33年net諸兄姉どの
2022.03.10「ウクライナに関して」、2022.03.23「再びホロモドール(Holodomor Ukraine genocide)をレポートさせて頂きましたが、やっと2時間の「赤い闇ースターリンの冷たい大地で」(原題はMr.Jones、監督アグニェシュカ・ホランド(ポーランド)主演ジェームズ・ノートン」)を見終わりました。以下要旨です。
★イギリス人ジャーナリストのガレス・ジョーンズ(13 August 1905 – 12 August 1935)は、ストラスブール大学やケンブリッジ大学のトリニティ・カレッジでも学業に励み、フランス語だけではなくドイツ語やロシア語でも優れた成績を残した。大学卒業後、ケンブリッジ大学で短期間教壇に立った後、イギリスの首相デビッド・ロイド・ジョージの外交顧問の地位を得て、政治の世界とのつながりを持った。ウエスタンメールの記者となったガレスは1933年2月(28歳)、アドルフ・ヒトラーへの取材記事を書いた初めての外国人記者として一躍その名を知られることになった。しかし、世界恐慌の中でソビエト連邦だけが繁栄していることに疑問を持ち、スターリンに単独面会を求めて、モスクワにニューヨーク・タイムズのモスクワ支局長、1932年、ソビエト連邦に関する一連の報告でピューリッツァー賞を受賞しデュランティを訪ねる。

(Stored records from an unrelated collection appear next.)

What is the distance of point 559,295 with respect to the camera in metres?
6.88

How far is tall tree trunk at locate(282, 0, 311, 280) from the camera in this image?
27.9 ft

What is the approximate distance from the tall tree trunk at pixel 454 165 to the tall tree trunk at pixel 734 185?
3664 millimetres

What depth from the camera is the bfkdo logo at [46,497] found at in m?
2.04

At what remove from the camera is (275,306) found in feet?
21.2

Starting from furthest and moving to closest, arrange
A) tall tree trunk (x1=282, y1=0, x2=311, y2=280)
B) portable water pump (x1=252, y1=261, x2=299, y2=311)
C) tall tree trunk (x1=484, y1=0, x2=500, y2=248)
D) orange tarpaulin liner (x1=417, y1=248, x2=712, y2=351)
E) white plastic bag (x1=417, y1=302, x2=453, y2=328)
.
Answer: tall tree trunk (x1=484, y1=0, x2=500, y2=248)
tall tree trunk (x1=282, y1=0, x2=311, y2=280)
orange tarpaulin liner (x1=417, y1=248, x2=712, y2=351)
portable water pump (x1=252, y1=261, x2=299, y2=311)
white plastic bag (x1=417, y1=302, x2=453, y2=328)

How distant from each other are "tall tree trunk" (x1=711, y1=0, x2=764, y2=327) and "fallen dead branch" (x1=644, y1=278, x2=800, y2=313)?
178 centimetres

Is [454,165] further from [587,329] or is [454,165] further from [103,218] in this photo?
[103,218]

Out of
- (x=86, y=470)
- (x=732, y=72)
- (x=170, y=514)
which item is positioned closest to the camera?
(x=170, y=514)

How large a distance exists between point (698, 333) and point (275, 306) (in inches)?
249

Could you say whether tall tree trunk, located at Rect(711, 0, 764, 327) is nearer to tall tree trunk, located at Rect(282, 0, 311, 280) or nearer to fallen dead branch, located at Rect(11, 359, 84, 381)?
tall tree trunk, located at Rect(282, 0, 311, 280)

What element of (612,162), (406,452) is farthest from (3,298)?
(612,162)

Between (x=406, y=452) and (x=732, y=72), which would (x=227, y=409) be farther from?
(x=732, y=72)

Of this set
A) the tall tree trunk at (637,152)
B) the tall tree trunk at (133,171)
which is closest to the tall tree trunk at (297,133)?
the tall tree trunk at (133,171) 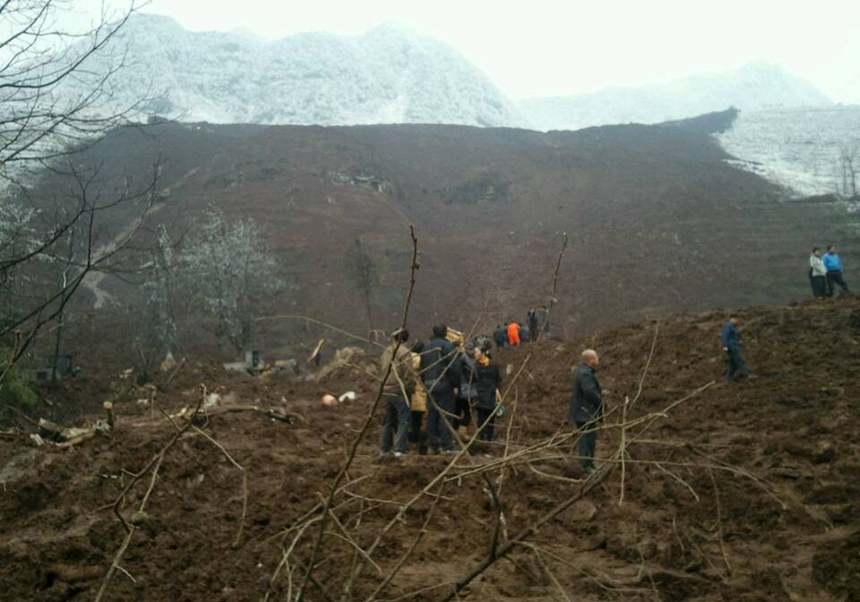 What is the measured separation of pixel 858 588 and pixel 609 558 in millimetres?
1700

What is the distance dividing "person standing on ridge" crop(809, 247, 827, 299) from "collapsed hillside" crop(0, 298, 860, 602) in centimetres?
628

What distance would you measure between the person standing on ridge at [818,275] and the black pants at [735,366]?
5.85 metres

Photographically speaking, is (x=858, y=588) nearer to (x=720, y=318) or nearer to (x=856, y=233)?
(x=720, y=318)

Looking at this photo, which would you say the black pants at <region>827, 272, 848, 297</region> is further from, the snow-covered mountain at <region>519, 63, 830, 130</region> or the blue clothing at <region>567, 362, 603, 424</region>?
the snow-covered mountain at <region>519, 63, 830, 130</region>

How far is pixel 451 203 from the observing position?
5366cm

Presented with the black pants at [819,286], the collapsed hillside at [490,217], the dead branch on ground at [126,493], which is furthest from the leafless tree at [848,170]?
the dead branch on ground at [126,493]

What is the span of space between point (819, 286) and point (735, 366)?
20.6 feet

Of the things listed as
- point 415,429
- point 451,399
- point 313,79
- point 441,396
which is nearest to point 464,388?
point 451,399

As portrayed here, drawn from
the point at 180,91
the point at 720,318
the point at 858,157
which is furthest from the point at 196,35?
the point at 720,318

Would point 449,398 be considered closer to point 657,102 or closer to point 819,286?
point 819,286

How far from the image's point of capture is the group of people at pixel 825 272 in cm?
1555

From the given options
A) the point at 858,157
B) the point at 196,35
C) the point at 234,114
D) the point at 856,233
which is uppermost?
the point at 196,35

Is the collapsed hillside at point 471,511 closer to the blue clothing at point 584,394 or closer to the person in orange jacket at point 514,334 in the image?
the blue clothing at point 584,394

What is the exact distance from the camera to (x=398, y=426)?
298 inches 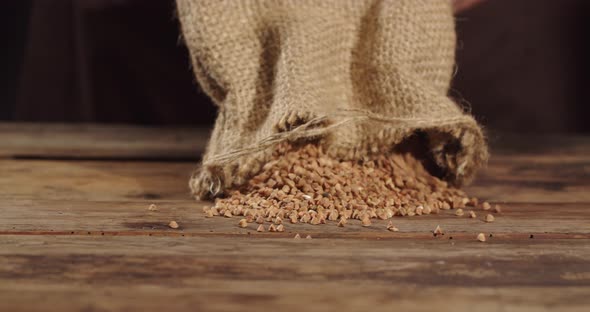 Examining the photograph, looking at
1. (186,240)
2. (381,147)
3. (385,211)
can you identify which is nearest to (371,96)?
(381,147)

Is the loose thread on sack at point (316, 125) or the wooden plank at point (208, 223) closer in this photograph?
the wooden plank at point (208, 223)

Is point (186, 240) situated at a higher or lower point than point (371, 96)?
lower

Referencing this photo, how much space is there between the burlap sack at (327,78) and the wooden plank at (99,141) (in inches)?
14.1

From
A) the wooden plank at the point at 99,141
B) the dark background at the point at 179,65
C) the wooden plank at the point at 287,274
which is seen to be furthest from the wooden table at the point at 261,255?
the dark background at the point at 179,65

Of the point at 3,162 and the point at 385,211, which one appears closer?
the point at 385,211

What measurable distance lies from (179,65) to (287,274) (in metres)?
1.31

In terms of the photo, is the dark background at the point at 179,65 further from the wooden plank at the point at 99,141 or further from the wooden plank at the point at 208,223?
the wooden plank at the point at 208,223

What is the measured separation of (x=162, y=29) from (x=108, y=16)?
14cm

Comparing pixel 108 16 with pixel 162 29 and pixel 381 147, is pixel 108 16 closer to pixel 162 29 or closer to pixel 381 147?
pixel 162 29

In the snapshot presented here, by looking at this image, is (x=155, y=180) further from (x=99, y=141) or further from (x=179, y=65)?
(x=179, y=65)

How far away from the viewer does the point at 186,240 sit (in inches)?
31.9

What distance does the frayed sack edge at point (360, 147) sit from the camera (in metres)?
0.96

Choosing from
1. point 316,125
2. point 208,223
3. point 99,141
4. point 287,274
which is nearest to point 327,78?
point 316,125

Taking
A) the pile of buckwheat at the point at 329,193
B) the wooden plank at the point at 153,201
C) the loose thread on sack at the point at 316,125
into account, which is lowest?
the wooden plank at the point at 153,201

しかし面会は無理とことわられ、当局の監視付きで東部に旅に出て、監視人の眼をかいくぐって、ウクライナに潜入、ウクライナで想像を絶する光景を目の当たりにする。
★ロイド・ジョージは、ヒトラーの侵攻を目の前に、英国の経済は最悪の状態にあり、スターリンを味方に巻き込まなければ勝ち目はない。スターリンの闇を暴いてどうするのだと反対している。
★ウクライナでは、小麦はみなモスクワに送られる。道路に餓死者が転がり、ある一軒の家で、肉をごちそうになったが、これは何の肉だと問うと「兄さん」との返事、死体からの肉、人肉であった。家を出、兄の死体を見たガレスは謳吐を繰り返した。(websiteの映像を添付しておきます)

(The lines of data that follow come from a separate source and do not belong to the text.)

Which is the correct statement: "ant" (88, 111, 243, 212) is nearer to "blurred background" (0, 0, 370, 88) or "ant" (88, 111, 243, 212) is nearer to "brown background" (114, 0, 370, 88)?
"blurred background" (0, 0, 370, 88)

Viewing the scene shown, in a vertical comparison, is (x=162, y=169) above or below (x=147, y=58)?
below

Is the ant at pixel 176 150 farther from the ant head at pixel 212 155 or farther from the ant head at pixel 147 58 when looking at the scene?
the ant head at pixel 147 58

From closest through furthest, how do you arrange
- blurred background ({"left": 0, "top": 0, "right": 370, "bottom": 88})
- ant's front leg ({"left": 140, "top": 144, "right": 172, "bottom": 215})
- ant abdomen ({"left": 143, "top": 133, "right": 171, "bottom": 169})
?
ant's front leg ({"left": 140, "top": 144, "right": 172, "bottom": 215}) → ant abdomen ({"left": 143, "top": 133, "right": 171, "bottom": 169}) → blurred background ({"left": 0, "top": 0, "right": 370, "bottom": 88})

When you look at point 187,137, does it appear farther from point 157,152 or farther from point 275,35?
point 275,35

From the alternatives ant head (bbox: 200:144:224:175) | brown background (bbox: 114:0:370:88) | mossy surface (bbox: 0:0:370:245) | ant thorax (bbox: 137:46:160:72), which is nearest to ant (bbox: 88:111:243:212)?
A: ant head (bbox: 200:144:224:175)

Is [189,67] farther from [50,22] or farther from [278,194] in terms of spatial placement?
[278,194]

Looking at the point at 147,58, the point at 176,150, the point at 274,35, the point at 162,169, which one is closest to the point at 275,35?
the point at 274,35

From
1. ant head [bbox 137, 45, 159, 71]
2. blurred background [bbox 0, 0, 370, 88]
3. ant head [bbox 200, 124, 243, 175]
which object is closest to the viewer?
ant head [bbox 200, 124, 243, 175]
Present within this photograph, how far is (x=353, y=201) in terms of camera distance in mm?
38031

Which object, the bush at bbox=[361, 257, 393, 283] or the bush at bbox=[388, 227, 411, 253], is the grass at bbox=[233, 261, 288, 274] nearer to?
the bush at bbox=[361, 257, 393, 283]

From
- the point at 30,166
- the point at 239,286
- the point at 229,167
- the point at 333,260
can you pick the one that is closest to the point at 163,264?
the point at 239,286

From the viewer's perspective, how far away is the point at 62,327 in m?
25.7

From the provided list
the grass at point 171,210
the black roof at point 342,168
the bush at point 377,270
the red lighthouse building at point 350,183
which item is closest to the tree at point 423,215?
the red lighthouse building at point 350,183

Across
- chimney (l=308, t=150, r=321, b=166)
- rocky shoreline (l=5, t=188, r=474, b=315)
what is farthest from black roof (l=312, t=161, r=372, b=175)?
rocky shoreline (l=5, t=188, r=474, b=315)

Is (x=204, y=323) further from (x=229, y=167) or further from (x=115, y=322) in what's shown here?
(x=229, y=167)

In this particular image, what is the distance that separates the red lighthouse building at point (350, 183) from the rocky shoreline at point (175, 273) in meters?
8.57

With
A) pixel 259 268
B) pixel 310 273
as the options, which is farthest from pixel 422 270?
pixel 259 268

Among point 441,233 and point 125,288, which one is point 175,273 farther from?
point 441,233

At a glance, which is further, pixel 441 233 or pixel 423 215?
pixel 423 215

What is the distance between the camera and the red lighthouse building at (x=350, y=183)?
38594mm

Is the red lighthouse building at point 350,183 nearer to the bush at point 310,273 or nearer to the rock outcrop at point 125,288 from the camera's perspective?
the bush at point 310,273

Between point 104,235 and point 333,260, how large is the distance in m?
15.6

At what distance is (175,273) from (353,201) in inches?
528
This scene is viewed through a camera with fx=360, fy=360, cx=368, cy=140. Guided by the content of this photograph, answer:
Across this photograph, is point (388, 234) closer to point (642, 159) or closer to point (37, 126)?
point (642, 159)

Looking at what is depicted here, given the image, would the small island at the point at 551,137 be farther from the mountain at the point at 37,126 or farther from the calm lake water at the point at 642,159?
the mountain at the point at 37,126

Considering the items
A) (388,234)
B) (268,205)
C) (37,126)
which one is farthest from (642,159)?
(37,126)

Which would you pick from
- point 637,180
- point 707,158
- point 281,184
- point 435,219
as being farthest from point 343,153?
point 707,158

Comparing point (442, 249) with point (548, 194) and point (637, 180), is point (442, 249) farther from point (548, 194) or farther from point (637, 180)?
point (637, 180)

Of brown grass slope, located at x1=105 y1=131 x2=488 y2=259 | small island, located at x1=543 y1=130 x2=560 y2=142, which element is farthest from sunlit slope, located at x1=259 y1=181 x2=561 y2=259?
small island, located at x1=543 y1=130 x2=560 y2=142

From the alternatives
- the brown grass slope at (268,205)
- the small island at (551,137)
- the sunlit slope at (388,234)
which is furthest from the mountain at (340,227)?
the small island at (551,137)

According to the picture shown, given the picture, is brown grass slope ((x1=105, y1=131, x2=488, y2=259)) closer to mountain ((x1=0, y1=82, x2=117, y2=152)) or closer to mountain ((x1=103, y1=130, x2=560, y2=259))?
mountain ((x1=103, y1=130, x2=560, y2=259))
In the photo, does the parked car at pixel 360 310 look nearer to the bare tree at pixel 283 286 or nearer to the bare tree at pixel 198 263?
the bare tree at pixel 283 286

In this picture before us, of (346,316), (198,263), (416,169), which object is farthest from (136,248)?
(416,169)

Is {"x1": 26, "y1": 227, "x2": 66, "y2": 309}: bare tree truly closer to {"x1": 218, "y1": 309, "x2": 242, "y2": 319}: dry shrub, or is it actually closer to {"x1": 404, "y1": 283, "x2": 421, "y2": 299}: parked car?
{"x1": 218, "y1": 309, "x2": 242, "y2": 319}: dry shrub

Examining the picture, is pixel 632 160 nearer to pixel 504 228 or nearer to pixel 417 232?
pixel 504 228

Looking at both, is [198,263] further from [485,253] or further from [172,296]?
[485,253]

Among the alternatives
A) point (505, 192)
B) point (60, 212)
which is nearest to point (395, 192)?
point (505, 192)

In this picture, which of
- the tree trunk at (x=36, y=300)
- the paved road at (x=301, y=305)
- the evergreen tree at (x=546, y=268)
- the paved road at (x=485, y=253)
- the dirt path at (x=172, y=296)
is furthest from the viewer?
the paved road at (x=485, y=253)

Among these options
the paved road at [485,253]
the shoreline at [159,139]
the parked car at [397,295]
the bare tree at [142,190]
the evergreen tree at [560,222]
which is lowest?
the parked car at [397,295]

★結局、彼は逮捕された。ロイド・ジョージの外交顧問と云うこと釈放されたが、同時に英国から出向していたメトロ・ヴィッカース社の社員6人が逮捕され、ガレスが何も見なかったと証言すれば、釈放する。喋れば6人の命はないと選択を迫られる。(KGBの汚いやり方ですね)
★同年3月29日ベルリンへと戻ったガレスは、プレスリリースを行い、ウクライナで目にした惨状がニューヨーク・ポストやマンチェスター・ガーディアンなど多くの新聞に掲載された。彼は云う、6人の命と、数百万の命とどちらが大切なのか?
結局、6人は釈放される。
★しかし、ニューヨークタイムズのモスクワ支局長を務め、1932年、ソビエト連邦に関する一連の報告でピューリッツァー賞を受賞しデュランティはソ連の広範囲にわたる飢餓を、特にウクライナの餓死(Holodomor)を否定した。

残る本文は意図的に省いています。